ABOUT THIS TASK ▸
Before you return the entries below, strip out the pictures and keep all else exact.

EXERCISE DATA ▸
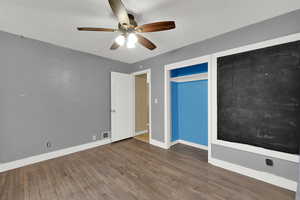 Unfurnished bedroom with dark wood-style flooring, ceiling fan, and a closet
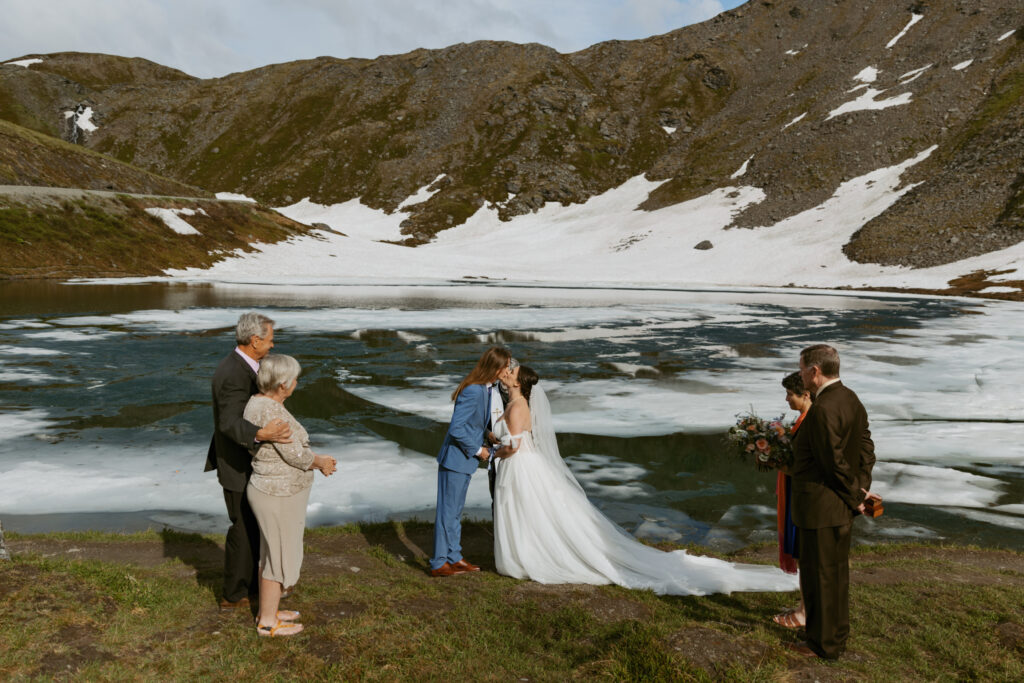 Bride and groom sharing their first kiss during their Hatcher Pass elopement ceremony at Summit Lake Alaska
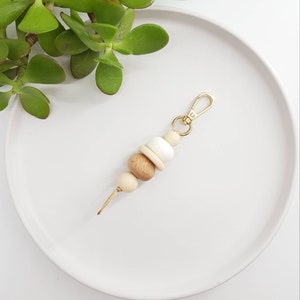 May include: A wooden bead keychain with a gold metal clasp. The beads are in shades of brown and white.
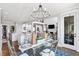 Open-concept dining area, connected to kitchen and living room, with a glass table and stylish decor at 8964 Palmetto Rd, Edisto Island, SC 29438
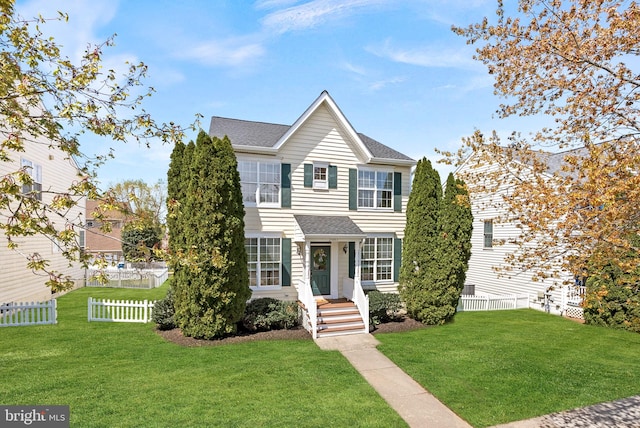 view of front of property featuring a front yard, fence, and a shingled roof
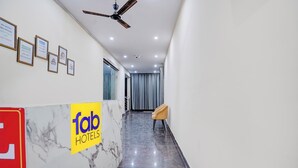 A hotel reception area with a marble floor, a reception desk, a ceiling fan, and framed notices on the wall. - Fabhotel Rv (Noida)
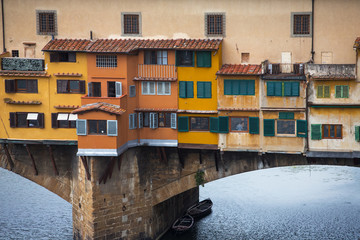 Fototapeta na wymiar View of Gold (Ponte Vecchio) Bridge in Florence. Close up balcon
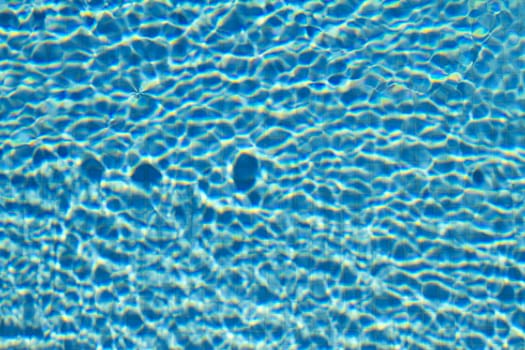 Water on a tiled swimming pool background.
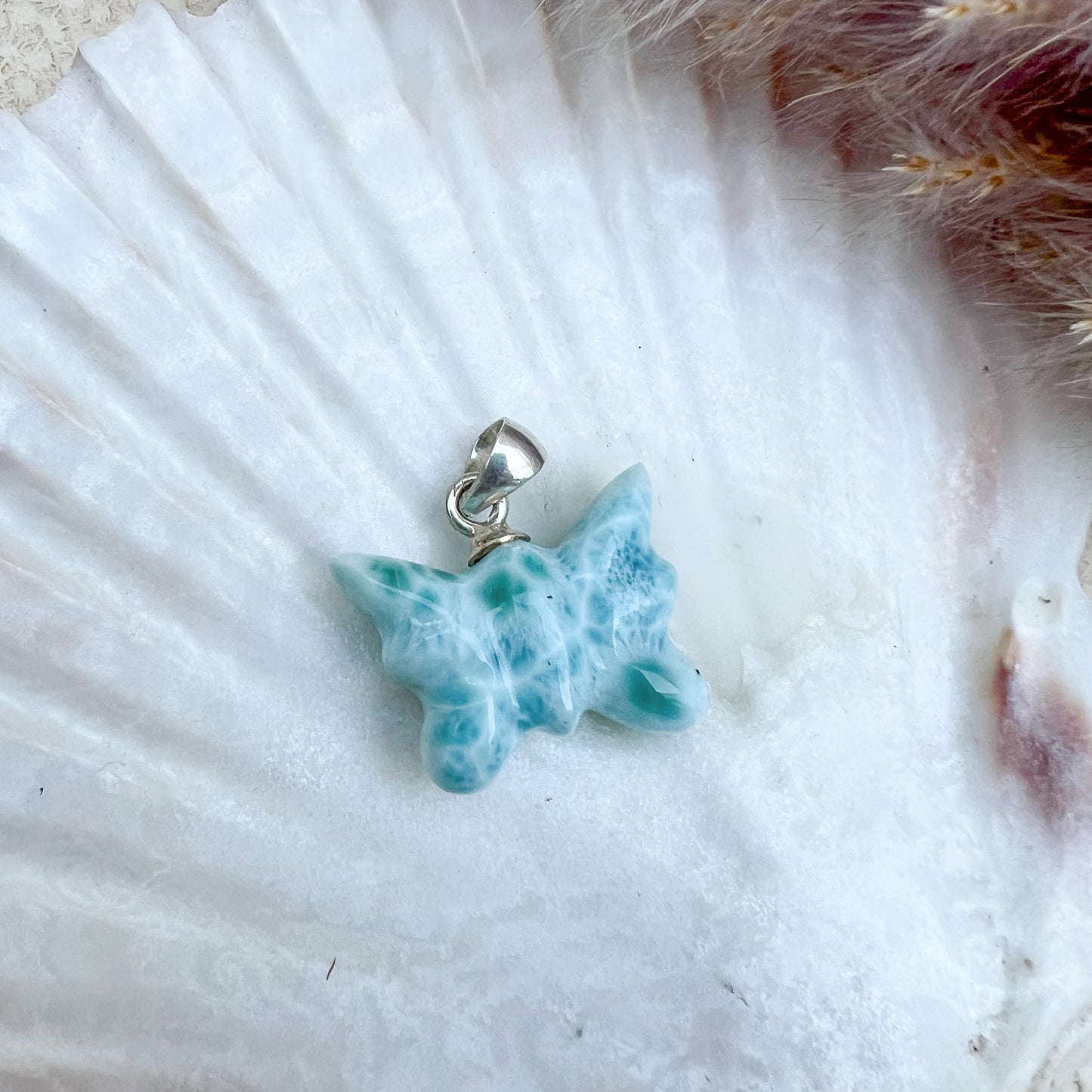 Larimar Schmetterlings-Anhänger aus 925er Sterlingsilber, handgefertigt, in meeresblau mit weißen Akzenten, präsentiert auf einer weißen Muschelschale – ein Unikat mit einzigartigen Farbverläufen.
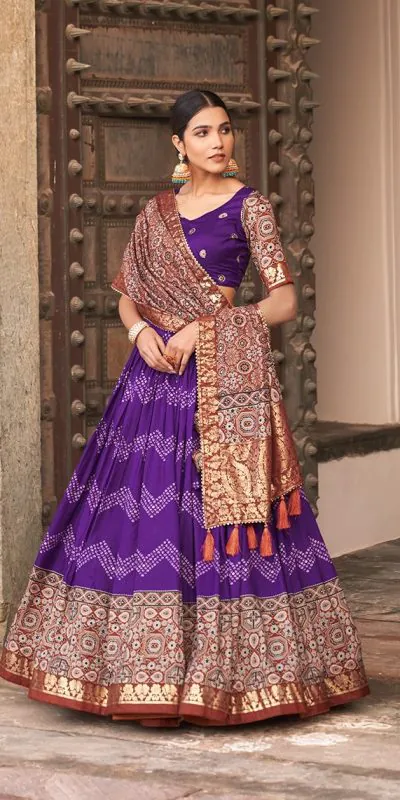 Glamorous Purple Color Tussar Silk Dot And Ajarakh & Drawstring With Foil Printed & Heavy Tassels Lehenga Choli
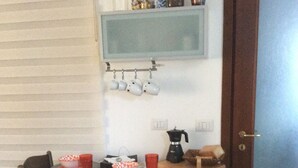 A dining area with a table set for two, a coffee maker, and a shelf above the table with jars and mugs. - Cómodo Malpensa/Como/Milan train connection, A9 exit 14m Switzerland.  (Fino Mornasco)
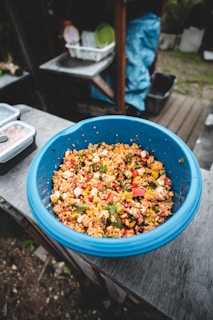 Close-up of assorted couscous grains in rustic bowls on a wooden table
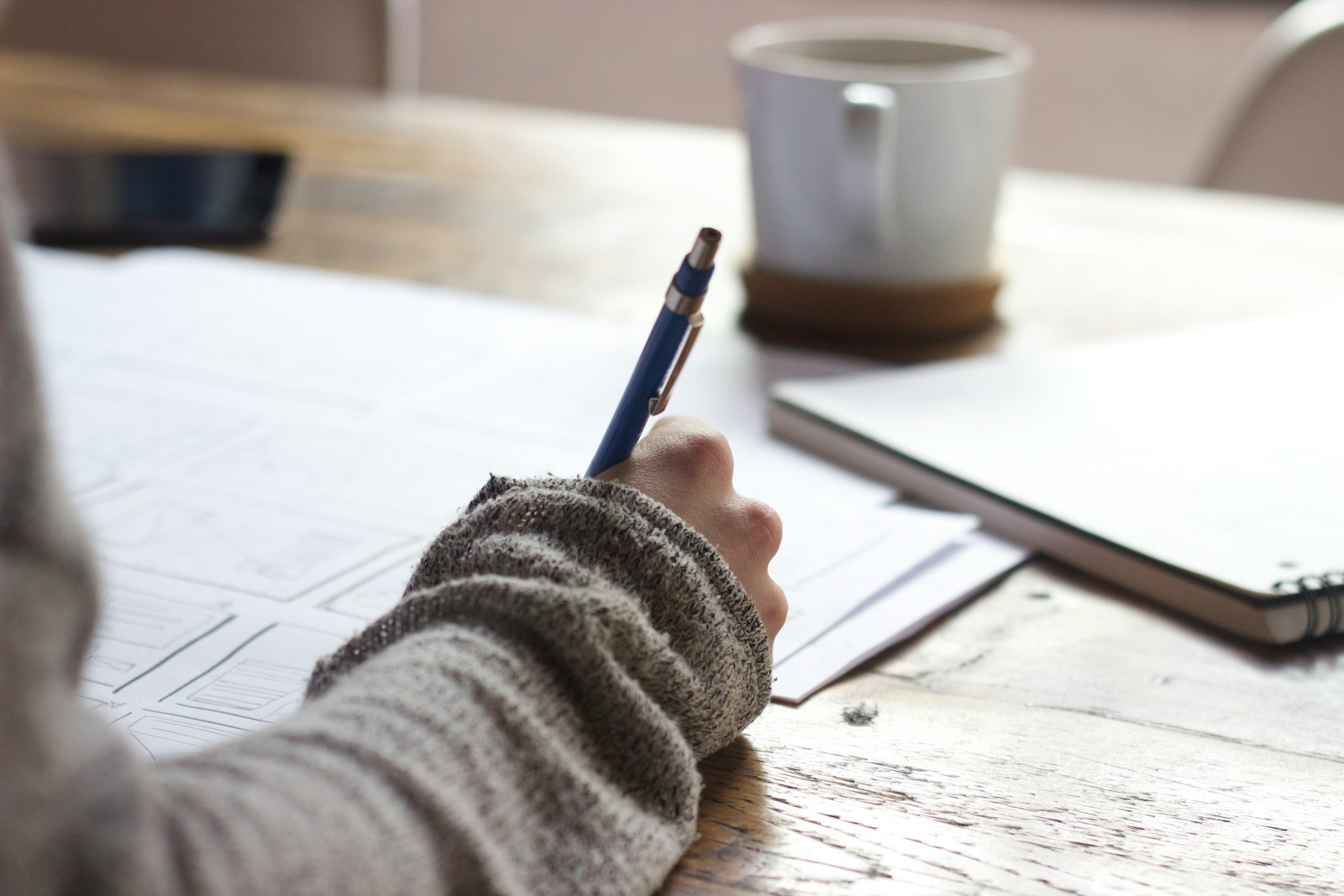 person writing on brown wooden table near white ceramic mug for blog post Distracted Hearts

REPLY ▸
 Unfurnished bedroom with dark wood-style flooring, ceiling fan, and a closet
 Bride and groom sharing their first kiss during their Hatcher Pass elopement ceremony at Summit Lake Alaska
 May include: A wooden bead keychain with a gold metal clasp. The beads are in shades of brown and white.
 Open-concept dining area, connected to kitchen and living room, with a glass table and stylish decor at 8964 Palmetto Rd, Edisto Island, SC 29438
 view of front of property featuring a front yard, fence, and a shingled roof
 A hotel reception area with a marble floor, a reception desk, a ceiling fan, and framed notices on the wall. - Fabhotel Rv (Noida)
 Fototapeta na wymiar View of Gold (Ponte Vecchio) Bridge in Florence. Close up balcon
 Water on a tiled swimming pool background.
 Larimar Schmetterlings-Anhänger aus 925er Sterlingsilber, handgefertigt, in meeresblau mit weißen Akzenten, präsentiert auf einer weißen Muschelschale – ein Unikat mit einzigartigen Farbverläufen.
 Glamorous Purple Color Tussar Silk Dot And Ajarakh & Drawstring With Foil Printed & Heavy Tassels Lehenga Choli
 A dining area with a table set for two, a coffee maker, and a shelf above the table with jars and mugs. - Cómodo Malpensa/Como/Milan train connection, A9 exit 14m Switzerland.  (Fino Mornasco)
 Close-up of assorted couscous grains in rustic bowls on a wooden table
 person writing on brown wooden table near white ceramic mug for blog post Distracted Hearts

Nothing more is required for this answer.